# South City Midnight Lady



## maplebaby (Oct 26, 2008)

This tune was on the Doobie Brothers, Captain & Me album which I nearly wore out. Patrick Simmons was and is a 'guitar hero' of mine, and one of my all-time favorite rhythm guitarist. After all these years this song still does it for me! Thanks for watching, dale.


http://www.youtube.com/watch?v=AM2gALWoJEc


----------



## drift_boat (Feb 2, 2006)

Nice! That's one of my fave's also.


----------



## maplebaby (Oct 26, 2008)

sure appreciate you watching!

dale


----------



## terry9317 (Sep 14, 2009)

*beauty*

abosolute gold. Thanks for sharing


----------



## maplebaby (Oct 26, 2008)

sure appreciate you watching.....hope all is good,

dale


----------



## Swervin55 (Oct 30, 2009)

*The Captain and Me*

Maple:

I couldn't agree with you more. I grew up on this album. I've gone through a couple of vinyl copies, CD and yes...even 8 track versions. 

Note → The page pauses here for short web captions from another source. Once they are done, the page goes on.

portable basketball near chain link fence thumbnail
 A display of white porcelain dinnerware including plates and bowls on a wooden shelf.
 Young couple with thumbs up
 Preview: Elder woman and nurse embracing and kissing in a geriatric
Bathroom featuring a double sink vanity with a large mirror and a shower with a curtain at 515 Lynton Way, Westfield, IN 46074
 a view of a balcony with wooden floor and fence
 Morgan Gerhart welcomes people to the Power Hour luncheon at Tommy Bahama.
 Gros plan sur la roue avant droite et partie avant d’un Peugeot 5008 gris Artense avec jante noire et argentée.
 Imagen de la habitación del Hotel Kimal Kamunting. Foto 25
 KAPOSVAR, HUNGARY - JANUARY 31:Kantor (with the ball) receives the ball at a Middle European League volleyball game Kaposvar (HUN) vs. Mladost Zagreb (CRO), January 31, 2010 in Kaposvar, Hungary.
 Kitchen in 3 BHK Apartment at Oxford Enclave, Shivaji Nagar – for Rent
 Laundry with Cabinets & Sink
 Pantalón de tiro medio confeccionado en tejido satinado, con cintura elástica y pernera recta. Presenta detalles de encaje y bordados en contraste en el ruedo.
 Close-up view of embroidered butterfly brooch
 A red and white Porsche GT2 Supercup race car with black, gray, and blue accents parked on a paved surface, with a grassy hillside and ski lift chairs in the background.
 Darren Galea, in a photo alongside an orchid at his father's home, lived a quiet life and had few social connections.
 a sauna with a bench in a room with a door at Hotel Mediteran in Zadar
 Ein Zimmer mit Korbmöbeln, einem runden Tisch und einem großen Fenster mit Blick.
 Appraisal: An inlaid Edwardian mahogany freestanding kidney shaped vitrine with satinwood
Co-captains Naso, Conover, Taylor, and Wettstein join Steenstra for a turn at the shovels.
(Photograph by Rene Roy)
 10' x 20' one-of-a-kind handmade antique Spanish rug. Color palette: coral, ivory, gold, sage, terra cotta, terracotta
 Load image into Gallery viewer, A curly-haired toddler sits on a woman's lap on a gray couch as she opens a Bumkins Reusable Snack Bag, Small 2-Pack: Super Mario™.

One of my all time favorite solos is on Dark Eyed Cajun Woman. Not fancy and overdone, just tasteful. Actually, I cut my soloing teeth learning this song and we still play it at gigs. Unfortunately most don't know what it is or where it came from. Whatever.

Went down to San Fran last year in October and the DB's happened to be playing a small venue in Monterey. Got 2nd row seats in a 1000 person venue. Awesome.

Thanks for all of your vids. Much appreciated. 

Swervin


----------



## Steve1962 (Oct 30, 2009)

maplebaby said:


> This tune was on the Doobie Brothers, Captain & Me album which I nearly wore out. Patrick Simmons was and is a 'guitar hero' of mine, and one of my all-time favorite rhythm guitarist. After all these years this song still does it for me! Thanks for watching, dale.
> 
> 
> http://www.youtube.com/watch?v=AM2gALWoJEc


VERY nicely done!!

Open G on that?


----------



## maplebaby (Oct 26, 2008)

Swervin - sounds like a great memory in San F! Just so great they are still out there playing for folks - thanks for your kind post.

Steve - it is in open G

best,
dale


----------



## Graham (Jan 26, 2007)

Fabulous!!


----------



## maplebaby (Oct 26, 2008)

appreciate you watching...thanks!

dale


----------